What is a wait-free algorithm? Wikipedia has a nice article on it. There’s the obvious definition: all threads complete the job in a finite number of steps – where a “step” is some unit of work granted a thread by having the OS give the thread some time-slice on a real CPU.
Wait-free isn’t interesting for loop-free (and not recursive) programs – there’s only a finite number of steps in a finite piece of straight-line code. However, wait-free is often used to describe multi-threaded programs – which often communicate between each other with some sort of atomic-update machine instruction (frequently a CAS instruction but sometimes it’s LL/SC and sometimes something else).
I.e. – most (all?) interesting wait-free algorithms rely on special atomic instructions (you always can write wait-free programs without any kind of atomic-update instruction but these tend to be really slow). Both CAS & LL/SC will fail if their initial conditions change and the “fix” for failing is usually to loop and try again.
To re-cap: wait-free algorithms in the real world rely on fragile failable machine instructions – and the failure is often fixed by looping while retrying. To remain a wait-free algorithm, the algorithm must *somehow* know the all loops are of finite length – i.e., failure is finite. This is often a reasonable assumption – under low load most machines’ atomic-update instructions mostly work. But now let us posit an adversarial OS.
The definition of wait-free doesn’t mention an Operating System – and yet real programs running on real hardware have to deal with a real OS. Programs often more threads than CPUs and one of the OS’s jobs is to schedule the threads – grant them “steps” on the CPU to make forward progress. The OS chooses when a thread gets CPU cycles (steps) and for how long. Typically OS’s attempt to be fair and efficient, granting all threads an equal number of steps in a round-robin fashion. However, the OS isn’t required to be completely fair and typically they are not (in the name of efficiency). A wait-free program can make forward progress in the face of an OS that is not being nice, i.e. adversarial OS.
Let’s assume the adversarial OS has to be at least slightly fair: it can’t deny cycles to a thread forever.
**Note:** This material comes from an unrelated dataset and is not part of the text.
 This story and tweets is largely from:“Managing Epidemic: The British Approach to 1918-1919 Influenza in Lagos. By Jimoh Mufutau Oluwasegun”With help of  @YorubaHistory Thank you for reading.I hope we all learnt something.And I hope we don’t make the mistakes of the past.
Indeed, if the program runs forever the the OS must hand out an infinite number of cycles to all threads (the unfair adversary isn’t very interesting: the OS can simply choose to not hand out cycles some threads, or even to any thread – ala a hard-crash). What kind of damage can this fair adversarial OS do to our algorithms?
For starters, the OS can guarantee that no contended LL/SC ever succeeds! Its easy: the OS schedules threads right up until they execute the LL; then that thread isn’t allowed cycles again until another thread also executes an LL to the same address. For all known implementations of LL, this will cause the 1st thread to break the “link” part of load-linked. The first thread is then allowed cycles until it tries another LL. The 2nd thread is preempted at once of course, since it also just executed an LL. Hence the OS ends up allowing all threads an infinite number of cycles while guaranteeing no LL/SC ever succeeds.
What does this all mean? It means in theory (since the adversarial OS is a theoretic notion) that IBM, Alpha & MIPS are screwed: they cannot use their primary atomic-update operation to write any algorithm without dragging in the OS. i.e., no one can write even plain locking algorithms on their hardware unless you also can show that the OS is at least slightly not-adversarial. Truly random time-slices would work – but fixed-cycle time slicing will be adversarial for algorithms which are “beating” in tune with the time slice.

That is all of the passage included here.